In this section, you saw how you can utilise names to more easily work with
processes. Let’s review our full implementation of the URLShortener
module.
Outro 🖖 #
Before we wrap up this long tutorial, let’s have a final look at our new
URLShortener
module, including the count/1
and flush/1
functions:
defmodule URLShortener do
use GenServer
# Client API
def start_link(name, opts \\ []) do
GenServer.start_link(__MODULE__, :ok, opts ++ [name: name])
end
def shorten(name, url) do
GenServer.call(name, {:shorten, url})
end
def get(name, short) do
GenServer.call(name, {:get, short})
end
def flush(name) do
GenServer.cast(name, :flush)
end
def stop(name) do
GenServer.cast(name, :stop)
end
def count(name) do
GenServer.call(name, :count)
end
# Callbacks
def init(:ok) do
{:ok, %{}}
end
def handle_cast(:flush, _state) do
{:noreply, %{}}
end
def handle_cast(:stop, state) do
{:stop, :normal, state}
end
def handle_call({:shorten, url}, _from, state) do
shortened = md5(url)
new_state = Map.put(state, shortened, url)
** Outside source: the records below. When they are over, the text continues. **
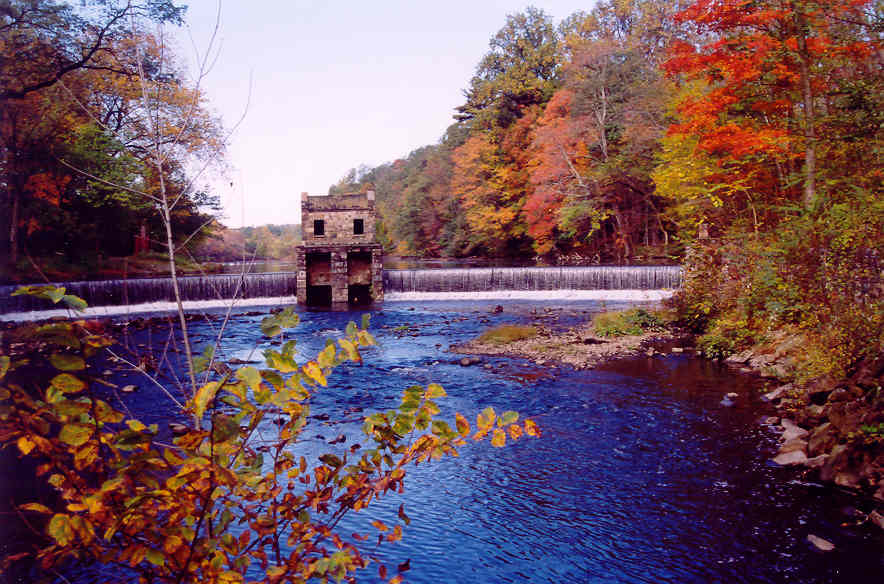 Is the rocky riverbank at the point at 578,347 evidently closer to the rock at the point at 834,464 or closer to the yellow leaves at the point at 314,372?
the rock at the point at 834,464

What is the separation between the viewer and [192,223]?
36.2 m

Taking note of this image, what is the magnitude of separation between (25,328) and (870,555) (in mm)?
21232

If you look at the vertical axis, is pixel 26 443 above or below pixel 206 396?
below

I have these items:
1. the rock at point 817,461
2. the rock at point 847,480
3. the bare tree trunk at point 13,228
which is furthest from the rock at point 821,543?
the bare tree trunk at point 13,228

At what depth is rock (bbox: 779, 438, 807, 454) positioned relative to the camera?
743 cm

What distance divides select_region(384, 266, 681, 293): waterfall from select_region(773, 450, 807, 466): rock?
727 inches

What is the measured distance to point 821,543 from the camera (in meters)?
5.39

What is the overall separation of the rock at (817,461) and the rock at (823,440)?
156 millimetres

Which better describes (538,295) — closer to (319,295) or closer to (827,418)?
(319,295)

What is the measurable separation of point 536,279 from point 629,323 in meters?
11.0

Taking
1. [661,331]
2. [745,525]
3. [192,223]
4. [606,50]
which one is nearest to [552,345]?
[661,331]


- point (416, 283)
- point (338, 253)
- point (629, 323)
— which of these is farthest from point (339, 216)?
point (629, 323)

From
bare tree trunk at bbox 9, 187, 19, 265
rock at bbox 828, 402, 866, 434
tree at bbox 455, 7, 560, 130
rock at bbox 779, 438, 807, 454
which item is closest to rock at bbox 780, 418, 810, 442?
rock at bbox 779, 438, 807, 454

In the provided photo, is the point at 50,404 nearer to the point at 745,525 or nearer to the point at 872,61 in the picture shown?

{:reply, shortened, new_state}
end
def handle_call({:get, short}, _from, state) do
{:reply, Map.get(state, short), state}
end
def handle_call(:count, _from, state) do
count = Map.keys(state) |> Enum.count
{:reply, count, state}
end
defp md5(url) do
:crypto.hash(:md5, url)
|> Base.encode16(case: :lower)
end
end
The two callbacks are faily simple - flush
will just send a noreply
and set
the state to an empty map. count
on the other hand will have a reply
with
the count of the items of the map, which is simply the numbers of keys there
are in the state
map. That’s all.
While you got to the end of the article your journey with GenServer
does not
end here. In fact, it just started. GenServer
s and OTP are very powerful
tools that you can use to build generic servers that can live in small BEAM
processes and have a very generic approach to building functionality (calls and
callbacks).
While we did cover a lot of ground here we didn’t touch on why we named the
starting function start_link
instead of just start
(hint: supervisors
convention), or how we would approach testing such a GenServer
like
URLShortener
.
In what kind of scenarios have you used GenServers
? Or, if you do not have
experience with it, where do you see yourself using it in the future?